PROBLEM:
Below are the records. Gather each line that holds "Cover".

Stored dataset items
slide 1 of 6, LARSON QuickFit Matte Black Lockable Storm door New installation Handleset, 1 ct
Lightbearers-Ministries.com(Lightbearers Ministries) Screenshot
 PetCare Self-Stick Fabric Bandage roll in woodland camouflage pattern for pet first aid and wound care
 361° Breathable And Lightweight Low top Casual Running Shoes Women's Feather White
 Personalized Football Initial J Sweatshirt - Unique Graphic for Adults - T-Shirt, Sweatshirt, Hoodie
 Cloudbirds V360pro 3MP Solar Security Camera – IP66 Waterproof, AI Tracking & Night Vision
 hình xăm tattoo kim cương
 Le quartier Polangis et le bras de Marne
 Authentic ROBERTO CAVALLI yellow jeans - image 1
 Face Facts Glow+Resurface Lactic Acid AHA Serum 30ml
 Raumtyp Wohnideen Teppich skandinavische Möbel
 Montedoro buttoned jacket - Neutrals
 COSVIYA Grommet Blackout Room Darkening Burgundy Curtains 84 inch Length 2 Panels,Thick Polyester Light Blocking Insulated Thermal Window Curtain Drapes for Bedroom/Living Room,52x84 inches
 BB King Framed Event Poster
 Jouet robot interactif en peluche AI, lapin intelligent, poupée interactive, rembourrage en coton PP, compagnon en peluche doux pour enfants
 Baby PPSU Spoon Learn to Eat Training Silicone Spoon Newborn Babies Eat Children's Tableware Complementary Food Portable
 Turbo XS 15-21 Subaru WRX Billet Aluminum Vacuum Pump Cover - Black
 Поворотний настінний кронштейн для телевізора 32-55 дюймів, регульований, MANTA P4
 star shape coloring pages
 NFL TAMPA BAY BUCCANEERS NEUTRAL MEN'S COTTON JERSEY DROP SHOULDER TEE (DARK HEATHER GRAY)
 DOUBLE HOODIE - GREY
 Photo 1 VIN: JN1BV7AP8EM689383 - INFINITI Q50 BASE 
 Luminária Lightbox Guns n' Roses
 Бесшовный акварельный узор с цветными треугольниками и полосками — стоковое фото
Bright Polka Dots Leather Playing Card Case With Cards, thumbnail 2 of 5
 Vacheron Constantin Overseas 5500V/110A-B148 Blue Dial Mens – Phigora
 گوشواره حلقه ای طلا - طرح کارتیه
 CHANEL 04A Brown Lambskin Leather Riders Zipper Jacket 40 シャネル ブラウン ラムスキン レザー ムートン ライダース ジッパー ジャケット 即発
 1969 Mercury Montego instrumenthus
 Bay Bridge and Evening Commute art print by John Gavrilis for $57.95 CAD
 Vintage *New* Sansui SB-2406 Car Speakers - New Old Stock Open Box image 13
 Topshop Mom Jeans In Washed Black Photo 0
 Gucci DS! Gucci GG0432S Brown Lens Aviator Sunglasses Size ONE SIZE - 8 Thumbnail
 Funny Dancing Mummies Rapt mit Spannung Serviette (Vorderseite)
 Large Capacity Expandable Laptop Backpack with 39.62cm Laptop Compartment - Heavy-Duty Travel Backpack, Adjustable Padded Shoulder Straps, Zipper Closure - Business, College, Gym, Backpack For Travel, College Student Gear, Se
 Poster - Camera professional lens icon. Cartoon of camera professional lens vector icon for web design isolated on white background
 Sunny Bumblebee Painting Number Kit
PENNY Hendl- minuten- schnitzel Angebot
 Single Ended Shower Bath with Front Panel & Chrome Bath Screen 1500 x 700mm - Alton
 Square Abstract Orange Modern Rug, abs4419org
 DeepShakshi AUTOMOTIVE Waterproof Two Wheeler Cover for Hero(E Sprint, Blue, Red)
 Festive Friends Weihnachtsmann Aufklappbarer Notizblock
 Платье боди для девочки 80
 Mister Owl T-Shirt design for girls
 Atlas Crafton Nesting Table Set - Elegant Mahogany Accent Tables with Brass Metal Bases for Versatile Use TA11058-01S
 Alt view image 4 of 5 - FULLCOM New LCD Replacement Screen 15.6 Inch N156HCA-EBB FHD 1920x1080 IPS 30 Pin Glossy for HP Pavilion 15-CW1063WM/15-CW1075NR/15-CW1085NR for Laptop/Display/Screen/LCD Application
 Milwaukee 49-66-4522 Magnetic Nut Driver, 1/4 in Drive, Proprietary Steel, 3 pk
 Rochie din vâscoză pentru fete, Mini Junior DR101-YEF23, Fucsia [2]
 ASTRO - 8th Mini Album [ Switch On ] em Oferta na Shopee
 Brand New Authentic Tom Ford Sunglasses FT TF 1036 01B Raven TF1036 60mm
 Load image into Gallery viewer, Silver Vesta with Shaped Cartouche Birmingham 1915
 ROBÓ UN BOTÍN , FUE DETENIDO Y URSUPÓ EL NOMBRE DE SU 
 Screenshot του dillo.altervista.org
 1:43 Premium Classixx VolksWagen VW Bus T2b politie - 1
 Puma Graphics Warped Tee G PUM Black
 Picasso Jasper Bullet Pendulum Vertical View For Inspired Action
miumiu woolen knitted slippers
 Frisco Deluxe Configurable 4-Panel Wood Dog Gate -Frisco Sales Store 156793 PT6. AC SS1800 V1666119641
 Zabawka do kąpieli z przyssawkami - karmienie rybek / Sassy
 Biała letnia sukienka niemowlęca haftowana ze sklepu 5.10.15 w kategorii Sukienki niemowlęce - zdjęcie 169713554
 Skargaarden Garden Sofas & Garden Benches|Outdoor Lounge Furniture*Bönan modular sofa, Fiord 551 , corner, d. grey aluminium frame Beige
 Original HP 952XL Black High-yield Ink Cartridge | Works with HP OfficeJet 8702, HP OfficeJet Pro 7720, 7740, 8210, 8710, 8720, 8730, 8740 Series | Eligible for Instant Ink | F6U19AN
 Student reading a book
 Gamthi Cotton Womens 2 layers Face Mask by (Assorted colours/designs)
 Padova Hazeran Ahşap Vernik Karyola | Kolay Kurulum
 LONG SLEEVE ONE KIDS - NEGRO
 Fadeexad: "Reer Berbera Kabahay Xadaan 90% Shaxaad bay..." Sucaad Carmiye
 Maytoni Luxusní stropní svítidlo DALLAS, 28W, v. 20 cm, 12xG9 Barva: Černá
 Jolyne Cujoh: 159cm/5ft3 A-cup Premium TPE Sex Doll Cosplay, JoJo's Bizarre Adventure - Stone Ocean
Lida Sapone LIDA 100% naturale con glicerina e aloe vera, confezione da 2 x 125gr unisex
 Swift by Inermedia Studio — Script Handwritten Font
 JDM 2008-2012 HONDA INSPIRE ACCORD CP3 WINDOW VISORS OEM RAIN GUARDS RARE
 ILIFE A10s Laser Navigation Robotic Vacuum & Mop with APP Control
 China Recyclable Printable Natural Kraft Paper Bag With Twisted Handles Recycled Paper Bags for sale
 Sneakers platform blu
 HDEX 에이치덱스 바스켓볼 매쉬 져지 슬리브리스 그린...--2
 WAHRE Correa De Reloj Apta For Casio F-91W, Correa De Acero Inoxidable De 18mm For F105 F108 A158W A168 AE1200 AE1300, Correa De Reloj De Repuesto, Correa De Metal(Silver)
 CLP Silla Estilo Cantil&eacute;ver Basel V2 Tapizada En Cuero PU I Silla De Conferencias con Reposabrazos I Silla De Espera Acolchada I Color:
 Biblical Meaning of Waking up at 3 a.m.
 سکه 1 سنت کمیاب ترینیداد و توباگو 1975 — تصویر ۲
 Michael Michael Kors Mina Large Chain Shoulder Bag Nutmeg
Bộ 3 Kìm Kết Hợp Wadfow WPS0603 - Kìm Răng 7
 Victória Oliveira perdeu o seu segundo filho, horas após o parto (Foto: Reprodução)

SOLUTION FOR THIS EXERCISE:
 Turbo XS 15-21 Subaru WRX Billet Aluminum Vacuum Pump Cover - Black
 DeepShakshi AUTOMOTIVE Waterproof Two Wheeler Cover for Hero(E Sprint, Blue, Red)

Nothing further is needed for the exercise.